Your son, has the added burden of maybe feeling rejected by his birth dad. He may not think it consciously even but if the girls have a great relationship with their dad- he might well think where is my bio dad, why is he not in my life like the girls dad is ?
These are questions to explore with your son. It might be a little confronting for you and your husband but if you start slowly and incrementally across time it might make it less so.
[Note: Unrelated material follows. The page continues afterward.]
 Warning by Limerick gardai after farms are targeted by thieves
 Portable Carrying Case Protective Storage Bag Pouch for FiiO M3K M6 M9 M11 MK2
Very little of our behaviours are just down to personality and bad attitude. There are always core beliefs and ongoing messages that we send to our children ( often unwittingly ) that set the status quo and are often fueled by other issues outside the family arena . They add to the mix and get in the way of harmonious relationships and getting on with our life in a positive way.
Let us know how you go !
10-17-2017 03:18 PM
First of all well done for asking for help it's a harsh world we live in. Anger issues are broken down into I'm sad, I am unhappy I don't feel listened to, nobody cares. As humans anger is an overrated word that means we are emotionally unwell. Being abandoned by our parents is harsh for a child they don't have the ability to break down the adult junk and cope. We can't manage it either so we cannot pass the tools on. Teens are hard work, their brain is the wrong way down, they can't manage their own emotional traumas on their travels. However, there are as others have suggested various avenues that you need not actually say anything just leave brochures or send emails to him. He can see you are communicating and trying without forcing him into language he may not want to hear. 6mths would feel like forever for a teen by showing you can negotiate depending on his behaviour is actually about choices, teens forget choices its black or white for them. If you can I would read about abandonment issues of each age group if you haven't already to allow yourself the opportunity to try to understand why ppl feel and act like they do. I have done this personally so my parenting crap is halved and I haven't traumatised my kids. Apparently I'm doing ok according to them. Listening to teens when they actually want to talk (which they do but we know nothing) there can be long sentences but only a few keyword. I will be doing something ignoring their garbage until I hear particular words or tones, I say hey hang on say that again and listen to the really important thing I need to know. I have a SN teen who can see the words in her head but she cannot get them out and for teens frustration ends up going around inside their head and making life worse than it actually is. It is difficult but these years too, shall pass. Just keep breathing, you are stronger than you think you are.
10-18-2017 02:28 AM
Hey @Lily17, great to see you! Your post grabbed my attention around the abandonment by one parent issue, which is very real for some kids, including mine. I'm wondering if you'd like to start a topic on it, as I'm sure it's an issue many parents are dealing with for various reasons?
Something to maybe explore @Lou2017?